Today we saw more evidence of the economic woes, with real income falling by 3.5% in 2011, with wages not increasing as fast as inflation.
The headline figures also masked sizeable falls in pay for some of the UK's lowest-earning professions – and sizeable salary boosts for senior managers and directors.
Workers in "elementary occupations", a classification including labourers, farm workers, postal workers and others, saw their typical pay fall 0.9% against its 2010 level, while professional pay rose 1% and managerial salaries rose 0.5%.
Directors and chief executives of leading organisations enjoyed the most sizeable pay rises, with median earnings up 15% to £112,157, in part a result of trends shifting earnings to basic pay and away from bonuses.

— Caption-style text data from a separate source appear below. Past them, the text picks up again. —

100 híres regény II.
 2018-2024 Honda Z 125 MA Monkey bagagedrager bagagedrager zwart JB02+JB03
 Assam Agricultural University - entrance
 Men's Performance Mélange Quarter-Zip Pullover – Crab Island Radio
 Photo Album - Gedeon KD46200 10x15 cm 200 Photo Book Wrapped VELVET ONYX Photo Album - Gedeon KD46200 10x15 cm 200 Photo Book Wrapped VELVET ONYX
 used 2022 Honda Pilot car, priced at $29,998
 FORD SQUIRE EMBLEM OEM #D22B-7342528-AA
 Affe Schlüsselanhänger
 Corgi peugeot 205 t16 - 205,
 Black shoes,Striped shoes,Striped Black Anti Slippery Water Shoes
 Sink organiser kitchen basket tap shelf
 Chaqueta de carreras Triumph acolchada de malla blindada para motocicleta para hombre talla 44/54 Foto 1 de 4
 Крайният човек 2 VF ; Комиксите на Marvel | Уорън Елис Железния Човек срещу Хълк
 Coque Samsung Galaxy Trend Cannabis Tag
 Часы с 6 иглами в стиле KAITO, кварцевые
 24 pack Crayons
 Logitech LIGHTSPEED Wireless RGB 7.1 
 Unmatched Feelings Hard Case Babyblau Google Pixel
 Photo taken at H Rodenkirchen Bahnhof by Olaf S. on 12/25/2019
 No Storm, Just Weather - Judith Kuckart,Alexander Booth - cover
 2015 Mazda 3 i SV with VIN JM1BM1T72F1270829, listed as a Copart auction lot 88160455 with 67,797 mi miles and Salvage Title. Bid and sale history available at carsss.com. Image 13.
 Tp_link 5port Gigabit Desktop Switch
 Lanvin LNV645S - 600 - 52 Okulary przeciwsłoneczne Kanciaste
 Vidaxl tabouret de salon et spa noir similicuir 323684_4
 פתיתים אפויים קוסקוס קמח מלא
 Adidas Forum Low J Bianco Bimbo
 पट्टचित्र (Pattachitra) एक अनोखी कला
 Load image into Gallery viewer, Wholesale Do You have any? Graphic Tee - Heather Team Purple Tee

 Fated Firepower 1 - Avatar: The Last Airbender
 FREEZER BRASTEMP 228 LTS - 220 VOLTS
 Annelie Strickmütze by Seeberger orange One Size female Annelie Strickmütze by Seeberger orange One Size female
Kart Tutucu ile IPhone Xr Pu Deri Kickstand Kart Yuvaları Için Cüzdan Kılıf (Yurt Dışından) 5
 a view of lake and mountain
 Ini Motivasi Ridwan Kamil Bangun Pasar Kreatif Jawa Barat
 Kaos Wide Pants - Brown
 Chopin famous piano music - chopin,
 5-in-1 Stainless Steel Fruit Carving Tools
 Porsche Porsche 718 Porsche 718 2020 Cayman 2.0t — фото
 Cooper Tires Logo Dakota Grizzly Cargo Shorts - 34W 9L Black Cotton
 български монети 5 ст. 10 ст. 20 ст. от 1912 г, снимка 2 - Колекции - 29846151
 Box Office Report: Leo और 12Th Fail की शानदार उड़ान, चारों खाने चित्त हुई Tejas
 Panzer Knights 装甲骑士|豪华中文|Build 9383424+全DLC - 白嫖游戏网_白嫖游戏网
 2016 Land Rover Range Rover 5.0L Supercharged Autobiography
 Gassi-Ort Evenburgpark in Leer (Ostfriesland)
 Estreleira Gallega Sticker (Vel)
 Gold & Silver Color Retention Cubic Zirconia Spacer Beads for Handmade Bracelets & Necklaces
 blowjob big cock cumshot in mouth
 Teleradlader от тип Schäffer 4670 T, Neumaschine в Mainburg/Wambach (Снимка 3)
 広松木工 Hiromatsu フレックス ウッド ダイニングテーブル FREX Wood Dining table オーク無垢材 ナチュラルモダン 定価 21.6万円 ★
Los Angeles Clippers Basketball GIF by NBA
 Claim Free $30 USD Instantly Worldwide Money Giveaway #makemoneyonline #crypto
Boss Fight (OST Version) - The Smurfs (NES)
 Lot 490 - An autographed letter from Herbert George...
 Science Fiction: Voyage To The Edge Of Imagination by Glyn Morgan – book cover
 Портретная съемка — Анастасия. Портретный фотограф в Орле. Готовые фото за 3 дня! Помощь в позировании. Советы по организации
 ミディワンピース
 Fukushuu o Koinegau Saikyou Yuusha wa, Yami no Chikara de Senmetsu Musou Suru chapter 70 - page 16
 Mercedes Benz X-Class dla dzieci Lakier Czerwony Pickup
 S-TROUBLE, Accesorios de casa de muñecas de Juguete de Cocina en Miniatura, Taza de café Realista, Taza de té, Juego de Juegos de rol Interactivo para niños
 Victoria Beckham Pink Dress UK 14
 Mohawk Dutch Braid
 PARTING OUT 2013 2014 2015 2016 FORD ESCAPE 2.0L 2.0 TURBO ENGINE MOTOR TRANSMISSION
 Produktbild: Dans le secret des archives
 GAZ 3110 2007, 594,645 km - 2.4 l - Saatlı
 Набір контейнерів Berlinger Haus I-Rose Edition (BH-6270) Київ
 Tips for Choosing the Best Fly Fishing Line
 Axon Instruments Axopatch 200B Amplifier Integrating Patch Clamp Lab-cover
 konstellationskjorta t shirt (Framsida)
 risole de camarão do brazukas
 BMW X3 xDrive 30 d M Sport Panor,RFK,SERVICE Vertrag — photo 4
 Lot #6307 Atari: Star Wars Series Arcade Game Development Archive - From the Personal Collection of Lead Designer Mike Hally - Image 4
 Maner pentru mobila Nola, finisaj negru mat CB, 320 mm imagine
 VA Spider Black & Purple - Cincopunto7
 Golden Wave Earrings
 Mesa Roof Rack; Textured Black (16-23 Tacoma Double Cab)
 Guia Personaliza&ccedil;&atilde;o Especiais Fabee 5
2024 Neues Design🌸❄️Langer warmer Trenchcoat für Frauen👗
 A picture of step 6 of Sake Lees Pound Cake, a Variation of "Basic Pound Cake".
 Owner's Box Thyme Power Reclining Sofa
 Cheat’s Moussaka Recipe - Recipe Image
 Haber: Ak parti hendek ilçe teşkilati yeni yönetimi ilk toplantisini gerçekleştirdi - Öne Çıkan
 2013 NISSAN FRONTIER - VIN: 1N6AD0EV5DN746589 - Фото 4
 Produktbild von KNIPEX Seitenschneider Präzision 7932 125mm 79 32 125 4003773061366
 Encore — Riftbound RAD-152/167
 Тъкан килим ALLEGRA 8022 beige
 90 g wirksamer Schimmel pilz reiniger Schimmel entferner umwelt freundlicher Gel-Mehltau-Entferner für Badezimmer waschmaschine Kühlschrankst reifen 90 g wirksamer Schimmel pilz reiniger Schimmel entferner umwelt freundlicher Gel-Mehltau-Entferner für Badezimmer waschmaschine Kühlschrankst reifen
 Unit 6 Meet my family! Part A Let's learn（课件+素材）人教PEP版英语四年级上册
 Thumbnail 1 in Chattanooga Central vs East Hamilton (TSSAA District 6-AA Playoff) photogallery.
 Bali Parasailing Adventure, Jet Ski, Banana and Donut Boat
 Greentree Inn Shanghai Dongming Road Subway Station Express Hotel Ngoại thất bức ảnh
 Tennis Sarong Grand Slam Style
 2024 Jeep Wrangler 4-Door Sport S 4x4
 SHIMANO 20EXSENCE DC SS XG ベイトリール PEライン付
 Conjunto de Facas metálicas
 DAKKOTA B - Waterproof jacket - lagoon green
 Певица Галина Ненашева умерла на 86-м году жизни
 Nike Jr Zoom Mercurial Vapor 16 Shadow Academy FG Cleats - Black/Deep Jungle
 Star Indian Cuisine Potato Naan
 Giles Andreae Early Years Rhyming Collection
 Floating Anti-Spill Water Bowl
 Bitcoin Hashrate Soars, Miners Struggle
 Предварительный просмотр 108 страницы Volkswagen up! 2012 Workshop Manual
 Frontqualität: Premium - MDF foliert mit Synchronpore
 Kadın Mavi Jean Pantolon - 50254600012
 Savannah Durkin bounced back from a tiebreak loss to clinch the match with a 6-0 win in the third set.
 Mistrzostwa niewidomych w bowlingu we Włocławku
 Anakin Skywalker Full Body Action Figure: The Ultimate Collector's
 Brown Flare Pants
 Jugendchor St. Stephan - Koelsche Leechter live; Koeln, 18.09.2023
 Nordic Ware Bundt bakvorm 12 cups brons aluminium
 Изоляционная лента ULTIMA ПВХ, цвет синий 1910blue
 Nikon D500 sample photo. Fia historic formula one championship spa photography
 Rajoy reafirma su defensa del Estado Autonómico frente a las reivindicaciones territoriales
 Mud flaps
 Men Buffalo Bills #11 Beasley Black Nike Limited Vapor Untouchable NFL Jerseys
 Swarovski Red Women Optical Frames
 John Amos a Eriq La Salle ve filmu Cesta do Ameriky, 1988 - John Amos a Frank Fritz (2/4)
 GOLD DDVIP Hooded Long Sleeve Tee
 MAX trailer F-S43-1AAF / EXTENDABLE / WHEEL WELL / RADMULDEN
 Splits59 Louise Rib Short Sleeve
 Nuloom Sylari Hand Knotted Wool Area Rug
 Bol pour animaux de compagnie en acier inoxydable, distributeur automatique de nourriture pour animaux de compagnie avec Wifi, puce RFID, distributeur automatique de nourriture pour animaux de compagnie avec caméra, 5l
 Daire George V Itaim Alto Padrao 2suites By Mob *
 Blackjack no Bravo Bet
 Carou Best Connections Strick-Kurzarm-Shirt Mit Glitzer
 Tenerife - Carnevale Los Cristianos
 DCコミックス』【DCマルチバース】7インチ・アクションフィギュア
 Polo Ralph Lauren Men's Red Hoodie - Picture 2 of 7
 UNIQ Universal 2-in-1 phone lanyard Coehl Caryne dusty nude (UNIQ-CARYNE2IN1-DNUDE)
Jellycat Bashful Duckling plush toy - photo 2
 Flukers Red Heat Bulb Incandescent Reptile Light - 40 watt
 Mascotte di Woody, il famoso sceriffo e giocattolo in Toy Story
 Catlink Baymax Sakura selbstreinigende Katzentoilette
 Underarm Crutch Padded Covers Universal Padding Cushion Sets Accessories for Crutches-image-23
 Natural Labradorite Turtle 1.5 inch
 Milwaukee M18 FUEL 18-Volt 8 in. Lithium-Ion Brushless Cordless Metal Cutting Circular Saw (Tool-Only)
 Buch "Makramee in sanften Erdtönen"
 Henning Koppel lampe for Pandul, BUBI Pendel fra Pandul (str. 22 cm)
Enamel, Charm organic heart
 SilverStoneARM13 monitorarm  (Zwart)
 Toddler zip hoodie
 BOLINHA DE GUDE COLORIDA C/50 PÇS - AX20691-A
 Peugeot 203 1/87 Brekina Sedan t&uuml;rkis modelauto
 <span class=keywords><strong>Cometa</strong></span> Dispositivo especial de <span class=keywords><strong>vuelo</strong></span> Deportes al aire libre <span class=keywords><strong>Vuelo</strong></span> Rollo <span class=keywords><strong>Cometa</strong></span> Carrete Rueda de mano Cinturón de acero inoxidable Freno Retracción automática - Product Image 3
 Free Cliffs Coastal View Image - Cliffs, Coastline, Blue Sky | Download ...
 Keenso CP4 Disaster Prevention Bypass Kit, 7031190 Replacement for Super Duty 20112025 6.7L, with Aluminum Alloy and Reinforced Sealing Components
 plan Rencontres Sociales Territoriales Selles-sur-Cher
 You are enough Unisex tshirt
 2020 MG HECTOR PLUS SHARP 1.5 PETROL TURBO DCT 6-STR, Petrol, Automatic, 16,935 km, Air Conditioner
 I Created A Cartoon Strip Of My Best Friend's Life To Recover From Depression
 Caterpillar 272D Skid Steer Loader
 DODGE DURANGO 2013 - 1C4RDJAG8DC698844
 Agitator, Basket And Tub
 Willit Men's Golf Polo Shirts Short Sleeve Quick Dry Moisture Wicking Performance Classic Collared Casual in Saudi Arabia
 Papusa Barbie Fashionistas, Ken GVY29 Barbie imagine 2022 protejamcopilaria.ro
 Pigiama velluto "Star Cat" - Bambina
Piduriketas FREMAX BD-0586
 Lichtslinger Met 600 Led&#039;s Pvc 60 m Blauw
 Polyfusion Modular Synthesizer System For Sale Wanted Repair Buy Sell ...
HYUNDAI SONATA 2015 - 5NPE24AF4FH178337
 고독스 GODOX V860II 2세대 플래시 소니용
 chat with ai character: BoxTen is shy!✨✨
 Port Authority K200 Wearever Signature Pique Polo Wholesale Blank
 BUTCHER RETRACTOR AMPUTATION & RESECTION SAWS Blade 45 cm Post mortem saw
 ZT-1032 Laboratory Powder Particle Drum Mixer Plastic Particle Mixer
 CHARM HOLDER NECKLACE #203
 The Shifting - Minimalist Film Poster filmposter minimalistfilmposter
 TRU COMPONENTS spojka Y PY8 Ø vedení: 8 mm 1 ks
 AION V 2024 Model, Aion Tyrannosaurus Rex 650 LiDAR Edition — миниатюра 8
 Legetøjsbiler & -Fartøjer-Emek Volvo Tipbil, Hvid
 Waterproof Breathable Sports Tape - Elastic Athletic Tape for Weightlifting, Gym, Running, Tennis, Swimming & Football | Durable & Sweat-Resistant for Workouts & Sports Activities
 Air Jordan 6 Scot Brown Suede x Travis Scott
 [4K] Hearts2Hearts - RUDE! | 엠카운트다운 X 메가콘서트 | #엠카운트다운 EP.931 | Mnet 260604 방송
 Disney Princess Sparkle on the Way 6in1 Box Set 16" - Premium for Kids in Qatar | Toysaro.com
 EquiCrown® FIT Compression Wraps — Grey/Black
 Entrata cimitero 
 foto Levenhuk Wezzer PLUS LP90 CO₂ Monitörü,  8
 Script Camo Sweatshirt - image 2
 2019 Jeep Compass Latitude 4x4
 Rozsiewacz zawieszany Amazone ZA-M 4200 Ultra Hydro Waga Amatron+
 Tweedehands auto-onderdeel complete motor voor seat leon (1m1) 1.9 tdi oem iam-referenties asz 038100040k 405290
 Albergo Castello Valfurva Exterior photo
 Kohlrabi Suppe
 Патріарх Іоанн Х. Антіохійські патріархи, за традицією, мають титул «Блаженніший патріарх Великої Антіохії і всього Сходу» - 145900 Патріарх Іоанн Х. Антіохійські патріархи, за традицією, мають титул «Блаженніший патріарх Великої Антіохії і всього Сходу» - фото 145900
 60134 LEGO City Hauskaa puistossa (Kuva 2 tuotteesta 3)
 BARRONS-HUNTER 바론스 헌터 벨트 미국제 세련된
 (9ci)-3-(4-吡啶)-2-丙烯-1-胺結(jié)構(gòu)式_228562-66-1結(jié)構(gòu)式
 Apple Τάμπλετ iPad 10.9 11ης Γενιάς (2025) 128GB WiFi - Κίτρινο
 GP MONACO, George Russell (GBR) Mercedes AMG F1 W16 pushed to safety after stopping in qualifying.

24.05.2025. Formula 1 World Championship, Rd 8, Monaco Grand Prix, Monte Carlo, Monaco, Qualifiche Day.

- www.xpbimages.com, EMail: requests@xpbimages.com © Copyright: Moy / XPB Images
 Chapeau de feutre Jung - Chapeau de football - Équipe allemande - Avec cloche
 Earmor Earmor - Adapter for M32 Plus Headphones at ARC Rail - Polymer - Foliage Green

Salaries of senior corporate managers also increased substantially – up 7.1% year-on-year to £77,679.
Today's figures confirm that 2011 has been a year of wage stagnation, with pay rises far outstripped by inflation, and low-paid employees being squeezed particularly hard.
Falling wages and self-defeating austerity have been the main reasons for the UK's economic woes, rather than a eurozone crisis which has yet to fully show up in official statistics.
The coalition government also announced today that they wish to further undermine workers rights with giving employers more power to sack workers for under-performance and less time to enjoy full employment rights.
These changes further strengthen the hands of employers.
Yet the real needs of business are being neglected, access to reasonably priced investment funds that are accessible for investing in their businesses for innovation and expansion, the need to look at tax for employing new staff and boosting manufacturing and technologies.